Certo, siamo pagati poco. Certo, non siamo incentivati, non siamo apprezzati, non siamo aiutati. Tutto vero. Ma è lo scotto dei privilegi: noi (o i nostri sindacati) e lo Stato abbiamo fatto un patto al ribasso, questa è la verità. Vi facciamo lavorare poco, vi facciamo lavorare anche se alcuni di voi non ne sono in grado, ma in cambio non chiedeteci troppi soldi. E così quello dell’insegnante è rimasto un mestiere da “mamme vecchia maniera”: si lavora di mattina, mentre i figli sono a scuola, e di pomeriggio si bada alla casa e alla famiglia.
Quando, anni fa, il centrodestra sosteneva che la scuola è stata usata per anni come un ammortizzatore sociale, cioè come un posto in cui veniva assunta gente che non avrebbe trovato lavoro altrove, ci siamo offesi tutti. Abbiamo detto che era un ulteriore modo per svilire un mestiere che è nobile e alto. Io per primo mi sono sentito defraudato del mio ruolo, io che l’insegnante l’ho fatto non per necessità (avevo già un altro lavoro), ma per scelta. Ma c’era qualcosa di vero, in quelle parole?

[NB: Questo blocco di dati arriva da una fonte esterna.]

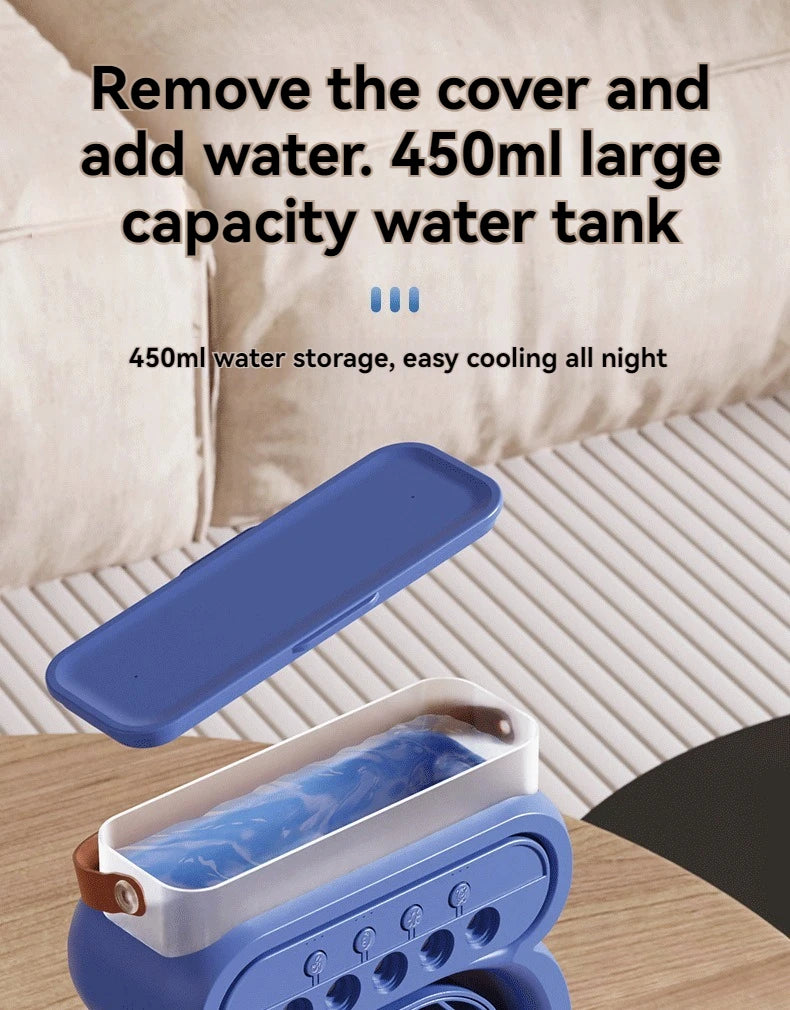 Misting Fan 3 In 1 Fan AIr Conditioner Household Small Air Cooler LED Night Light Portable Humidifier Air Adjustment Fan Office Home Fan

Ora ci lamentiamo di un piano di assunzioni che è forse sbagliato, ma ce ne lamentiamo per il motivo contrario. Non è sbagliato perché ci chiederà, a quanto pare in pochissimi casi, di spostarci, ma è sbagliato perché, diciamolo pure, assume troppe persone. La scuola non ha bisogno di altri 100mila insegnanti. Temo che molti – e forse anch’io – per un anno o due finiranno a girarsi i pollici, a far supplenze, a svolgere compiti che con l’insegnamento hanno ben poco in comune; proprio perché, senza pensionamenti, i posti in classe per 100mila nuovi insegnanti non ci sono.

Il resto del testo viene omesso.